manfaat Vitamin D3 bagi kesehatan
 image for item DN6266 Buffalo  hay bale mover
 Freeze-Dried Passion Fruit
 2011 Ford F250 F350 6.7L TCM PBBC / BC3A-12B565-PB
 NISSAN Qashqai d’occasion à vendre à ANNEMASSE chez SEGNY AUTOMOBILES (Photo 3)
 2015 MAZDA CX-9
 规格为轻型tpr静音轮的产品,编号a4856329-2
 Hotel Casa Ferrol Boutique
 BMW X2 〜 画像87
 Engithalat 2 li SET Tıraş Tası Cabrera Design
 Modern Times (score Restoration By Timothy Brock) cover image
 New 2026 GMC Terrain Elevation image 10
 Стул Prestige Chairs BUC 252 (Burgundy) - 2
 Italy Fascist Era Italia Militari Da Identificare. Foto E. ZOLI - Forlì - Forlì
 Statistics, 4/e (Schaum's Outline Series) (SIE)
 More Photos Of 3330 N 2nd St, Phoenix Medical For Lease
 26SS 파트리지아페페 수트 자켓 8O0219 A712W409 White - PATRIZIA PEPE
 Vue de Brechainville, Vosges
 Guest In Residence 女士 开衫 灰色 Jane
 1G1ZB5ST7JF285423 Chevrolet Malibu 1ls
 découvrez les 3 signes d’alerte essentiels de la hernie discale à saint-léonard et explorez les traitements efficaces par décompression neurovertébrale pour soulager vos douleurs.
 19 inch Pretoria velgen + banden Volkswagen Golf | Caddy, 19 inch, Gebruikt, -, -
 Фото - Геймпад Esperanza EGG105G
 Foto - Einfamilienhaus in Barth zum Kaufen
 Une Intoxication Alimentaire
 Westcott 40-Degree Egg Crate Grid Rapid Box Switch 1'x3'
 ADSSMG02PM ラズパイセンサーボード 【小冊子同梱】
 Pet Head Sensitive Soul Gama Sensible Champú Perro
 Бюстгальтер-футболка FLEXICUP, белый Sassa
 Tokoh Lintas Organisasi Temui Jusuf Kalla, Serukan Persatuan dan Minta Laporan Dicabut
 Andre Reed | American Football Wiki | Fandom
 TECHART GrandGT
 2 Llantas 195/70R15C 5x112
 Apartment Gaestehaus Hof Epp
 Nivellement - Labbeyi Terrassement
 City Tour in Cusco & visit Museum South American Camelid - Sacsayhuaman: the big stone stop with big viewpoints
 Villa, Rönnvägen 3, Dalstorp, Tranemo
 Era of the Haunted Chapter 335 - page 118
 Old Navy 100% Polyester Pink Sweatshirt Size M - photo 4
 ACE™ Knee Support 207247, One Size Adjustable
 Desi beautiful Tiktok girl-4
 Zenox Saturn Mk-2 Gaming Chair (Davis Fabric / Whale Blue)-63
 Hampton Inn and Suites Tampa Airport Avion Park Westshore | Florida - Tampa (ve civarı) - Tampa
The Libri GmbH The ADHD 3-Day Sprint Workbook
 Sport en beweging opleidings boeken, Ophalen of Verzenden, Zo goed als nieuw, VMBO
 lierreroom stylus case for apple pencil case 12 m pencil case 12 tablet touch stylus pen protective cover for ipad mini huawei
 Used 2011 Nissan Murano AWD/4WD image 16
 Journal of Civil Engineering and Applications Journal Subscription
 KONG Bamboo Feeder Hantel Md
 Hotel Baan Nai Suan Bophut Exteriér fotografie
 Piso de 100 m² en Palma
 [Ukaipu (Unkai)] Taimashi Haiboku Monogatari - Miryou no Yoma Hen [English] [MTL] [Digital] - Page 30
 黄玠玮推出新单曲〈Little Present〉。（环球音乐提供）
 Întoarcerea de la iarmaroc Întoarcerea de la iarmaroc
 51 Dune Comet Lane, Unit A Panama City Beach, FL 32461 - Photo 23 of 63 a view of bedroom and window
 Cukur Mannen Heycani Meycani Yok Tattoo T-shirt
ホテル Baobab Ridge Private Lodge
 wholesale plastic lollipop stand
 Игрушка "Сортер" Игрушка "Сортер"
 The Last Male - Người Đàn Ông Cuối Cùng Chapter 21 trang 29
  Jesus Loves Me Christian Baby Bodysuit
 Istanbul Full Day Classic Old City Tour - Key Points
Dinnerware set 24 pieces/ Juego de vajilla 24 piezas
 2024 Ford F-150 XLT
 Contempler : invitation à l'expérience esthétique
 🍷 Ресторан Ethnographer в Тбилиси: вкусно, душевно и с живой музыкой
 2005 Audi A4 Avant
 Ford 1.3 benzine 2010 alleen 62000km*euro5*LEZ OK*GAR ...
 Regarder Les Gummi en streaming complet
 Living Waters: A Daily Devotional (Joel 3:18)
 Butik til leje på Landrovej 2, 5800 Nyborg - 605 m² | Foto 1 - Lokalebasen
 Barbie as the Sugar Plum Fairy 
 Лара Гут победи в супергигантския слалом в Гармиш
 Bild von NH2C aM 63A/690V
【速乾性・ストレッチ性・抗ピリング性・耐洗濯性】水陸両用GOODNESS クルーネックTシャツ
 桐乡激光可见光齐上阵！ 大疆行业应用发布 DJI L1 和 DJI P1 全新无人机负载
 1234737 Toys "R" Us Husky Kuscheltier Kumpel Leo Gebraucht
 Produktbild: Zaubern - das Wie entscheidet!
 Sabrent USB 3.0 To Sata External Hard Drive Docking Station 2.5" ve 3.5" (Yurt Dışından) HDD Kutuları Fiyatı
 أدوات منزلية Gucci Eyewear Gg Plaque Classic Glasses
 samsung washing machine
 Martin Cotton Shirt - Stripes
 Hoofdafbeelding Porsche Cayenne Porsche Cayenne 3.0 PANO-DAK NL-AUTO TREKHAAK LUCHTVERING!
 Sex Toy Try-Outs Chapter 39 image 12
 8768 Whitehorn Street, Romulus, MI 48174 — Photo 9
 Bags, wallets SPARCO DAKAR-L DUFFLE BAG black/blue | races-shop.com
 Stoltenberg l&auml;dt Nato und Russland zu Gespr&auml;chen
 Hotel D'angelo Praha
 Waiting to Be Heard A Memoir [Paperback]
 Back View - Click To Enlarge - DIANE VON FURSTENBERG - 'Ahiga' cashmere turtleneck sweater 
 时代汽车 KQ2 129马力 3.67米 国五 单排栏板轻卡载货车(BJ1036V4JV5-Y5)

+---+

Task item: Your task is to copy each line of the listing that holds the word "Size".

Task response:
 Old Navy 100% Polyester Pink Sweatshirt Size M - photo 4
 ACE™ Knee Support 207247, One Size Adjustable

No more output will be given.